Everything else optional, apparently.
I found a recipe online, ignored most of it, then remembered I hate recipes because they assume your child isn’t trying to bury a parsnip in the couch cushions. Mine was. I let him. The couch is a goner anyway.
I started with bones. Which is just how it goes, right? You throw bones into water and wait for them to become something more than bones. Very poetic, very witchy. Albert said it looked like a skeleton bath. I told him it was Catalan magic. He asked if witches eat carrots. I said only the good ones.
At some point I added:
– One slightly limp leek
– Two potatoes that had been waiting for their moment
– A cabbage that made me feel judged
– Pork something
– A meatball-ish thing that disintegrated and became “broth essence”

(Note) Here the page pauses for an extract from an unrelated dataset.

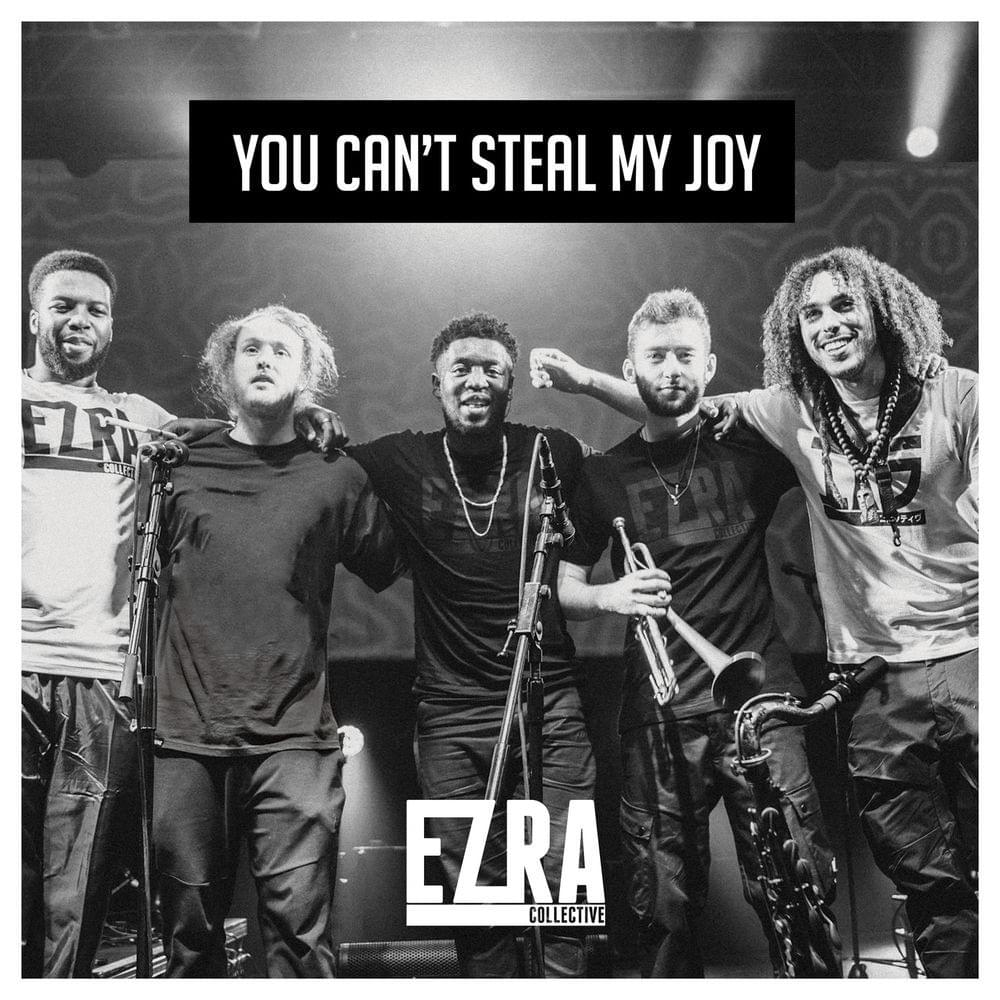 What Am I to Do? by Ezra Collective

The flat filled with a smell I didn’t realise I’d missed. Not home, not quite. But something that wraps around your knees like a sleepy cat and says, “Stay here a bit. It’s alright.”
Albert licked a spoon. Said it was “too warm in the mouth.” JC said it needed salt. I told them both to leave me alone and let the soul food do its thing.
I sat on the floor while it simmered. Scrolled through pictures of Catalan grandmothers with actual skill and aprons older than democracy. One of them had a quote: “You cannot rush what feeds the soul.” I saved it. Then burnt the carrots.
The final bowl was weirdly perfect. Ugly as sin. Bits of everything. A floating chickpea here, a hunk of potato there, meat that looked confused but tasted right.
We ate it on the couch with a towel under the bowls. Albert asked if it was a holiday. I said no, just soup. But in my head I was somewhere else. Somewhere with fewer deadlines and more steam on the windows.
And maybe—just maybe—there was a witch smiling in the corner. Chewing a carrot. Approving.